* [RECORDS TO PROCESS]:
- Opening Delimiter -

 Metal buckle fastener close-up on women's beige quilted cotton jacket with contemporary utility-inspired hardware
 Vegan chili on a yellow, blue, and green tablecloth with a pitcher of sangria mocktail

- Closing Delimiter -
- Opening Delimiter -

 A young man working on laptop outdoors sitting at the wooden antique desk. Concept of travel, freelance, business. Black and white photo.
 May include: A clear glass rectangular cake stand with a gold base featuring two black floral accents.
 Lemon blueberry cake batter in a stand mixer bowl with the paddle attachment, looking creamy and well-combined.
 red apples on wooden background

- Closing Delimiter -

* [WORK TO BE COMPLETED]: If a line in the records above contains the word "wooden", copy it.

* [RESULT BELOW]:
 A young man working on laptop outdoors sitting at the wooden antique desk. Concept of travel, freelance, business. Black and white photo.
 red apples on wooden background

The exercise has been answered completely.